If the dignity principle in IP requires respect for creators in the sense of “appraisal respect,” there is a puzzle because appraisal respect is directly connected to judgments around merit and quality. By contrast, IP doesn’t protect only creative works that we think are bad as well as good. Maybe we are appraising someone’s creative capacity rather than particular episodic cases of creation. Still, I find it mysterious how we could esteem someone’s creative capacity apart from a judgment that, on the whole, it will lead to good work. Maybe we think that the side-effects of creative activity are valuable rather than the direct consequences? This seems to get the point of creative work wrong though. More fundamentally, the importance of appraisal respect for artists and creators points to something like the value of a culture that encourages creative excellence and confers high social status on creators. IP law has a possible connection to this kind of culture, but not a necessary one.

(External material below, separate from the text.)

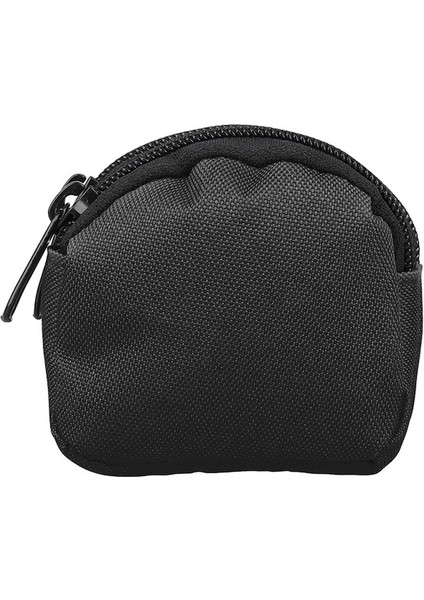 Yeşil-Açık Edc Molle Kese Cüzdan Su Geçirmez Taşınabilir Seyahat Fermuarlı Bel Çantası Hafif Küçük Anahtar Para Saklama Çantası (Yurt Dışından)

If the dignity principle in IP requires respect in the sense of “recognition respect,” this sense also seems inappropriate for IP because it is too general. I can understand how copying someone’s creative work without attribution as if it were simply grist for one’s own mill rather than someone’s intentional creation involves a kind of misrecognition of the person. What seems important, however, is recognition of a person as an agent with “projects” in her life. This is a general notion, however, and too thin to support something specific like IP rights. After all, it would seem to have ramifications throughout all of property law. Is it plausible that there are “moral rights” for entrepreneurs analogous to those of creators?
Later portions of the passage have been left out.